Oil prices retreated on Monday, pulling back from last week’s gains after Russia restarted crude loadings at the Novorossiysk export hub. The reopening followed a two-day suspension triggered by a Ukrainian strike that temporarily halted flows through one of the Black Sea’s most strategic energy corridors.
Brent crude slipped 0.82% to $63.86 a barrel, while WTI fell 0.93% to $59.53. Both benchmarks had gained more than 2% on Friday as traders reacted to disruptions affecting roughly 2% of global oil supply, including flows from a nearby Caspian Pipeline Consortium facility.
- Brent crude: $63.86, down 0.82%
- WTI crude: $59.53, down 0.93%
- Supply impact: Approx. 2% of global flows disrupted
Industry data from LSEG confirmed that loadings resumed Sunday, but concerns over long-term risks to Russian infrastructure remain elevated as Ukraine intensifies cross-border strikes.

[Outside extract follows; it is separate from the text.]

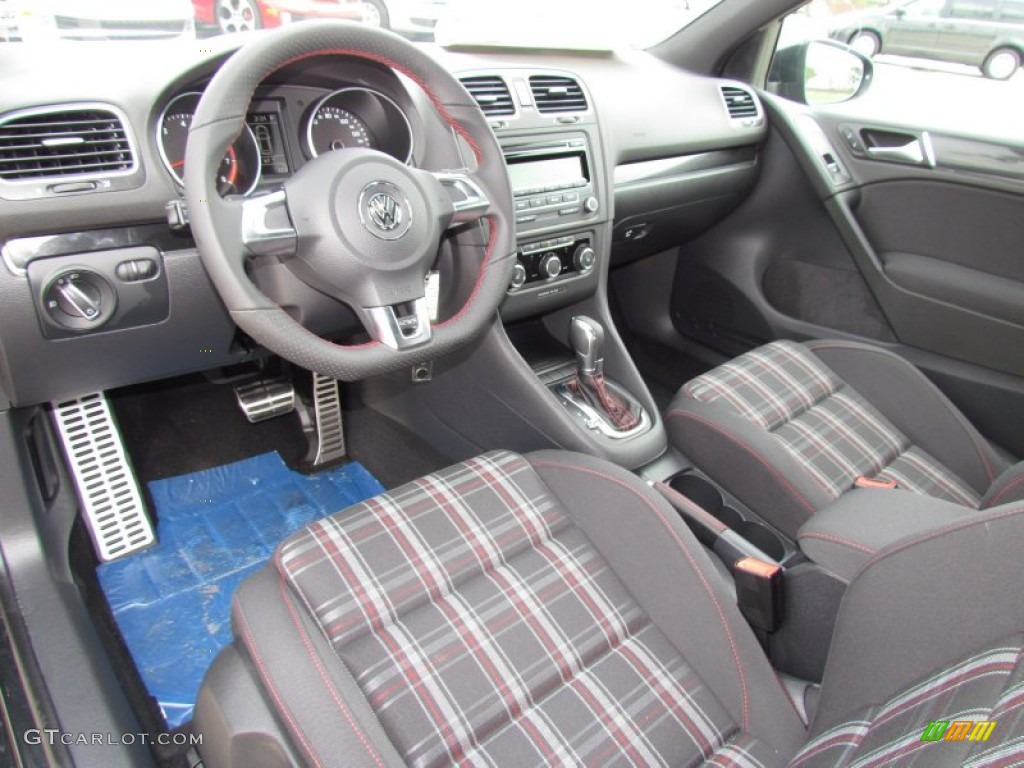 Interlagos Plaid Cloth Interior 2012 Volkswagen GTI 2 Door Photo #62626922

Ukraine Strikes Raise Long-Term Supply Risks
Ukraine’s military reported attacks on Russia’s Ryazan refinery, followed by a strike on the Novokuibyshevsk refinery in the Samara region. These facilities are key components of Russia’s downstream production network.
Analysts say traders are now weighing short-term relief from the port reopening against longer-term vulnerabilities created by military escalation.

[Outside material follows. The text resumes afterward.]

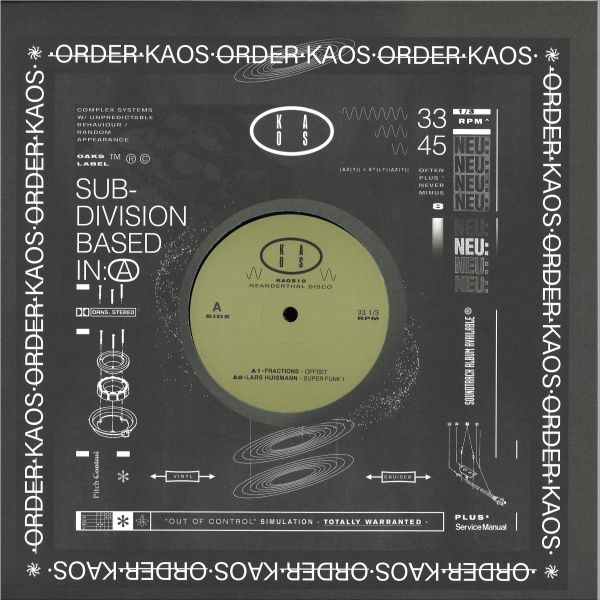 Various — Neanderthal Disco vinyl cover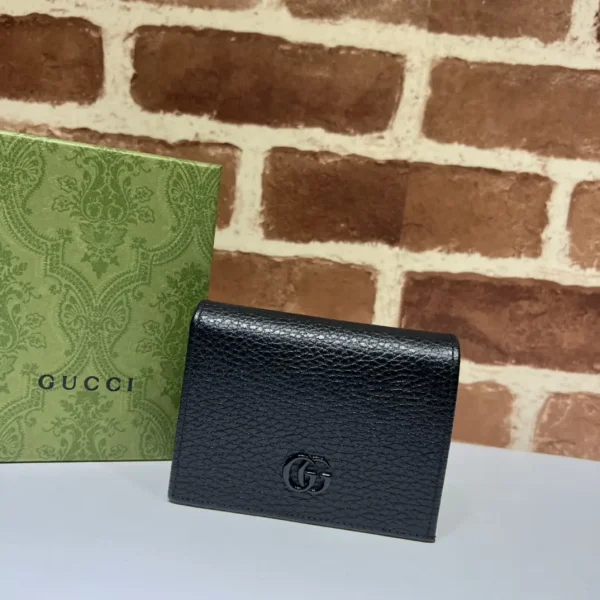 Gucci Black Leather Short Wallet image 1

Toshitaka Tazawa of Fujitomi Securities noted that many investors used Friday’s rally to lock in profits, while expectations of continued OPEC+ oversupply kept sentiment cautious. He added that WTI is likely to hold near the $60 level, fluctuating within a $5 band.
Western sanctions are adding further uncertainty. The U.S. recently banned transactions involving Russia’s Lukoil and Rosneft after November 21. President Trump signaled that penalties may widen to any nation conducting business with Moscow—and possibly Iran.

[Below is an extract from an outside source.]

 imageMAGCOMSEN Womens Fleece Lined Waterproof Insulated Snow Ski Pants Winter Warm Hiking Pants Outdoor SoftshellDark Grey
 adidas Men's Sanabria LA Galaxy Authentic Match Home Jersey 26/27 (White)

Oversupply Outlook Weighs on Market
OPEC+ affirmed a December output increase of 137,000 barrels per day, matching the rises in October and November, before pausing further hikes in early 2025. ING forecasts a large surplus through 2026, though it warned that supply risks are rising as Ukraine escalates drone operations and Iran seizes tankers along the Strait of Hormuz, which carries nearly 20 million barrels per day.
Positioning data showed speculative net long interest in ICE Brent rising by 12,636 lots to 164,867, driven mainly by short-covering amid rising geopolitical uncertainty.
U.S. drilling activity also ticked higher, with Baker Hughes reporting three additional rigs, bringing the total to 417.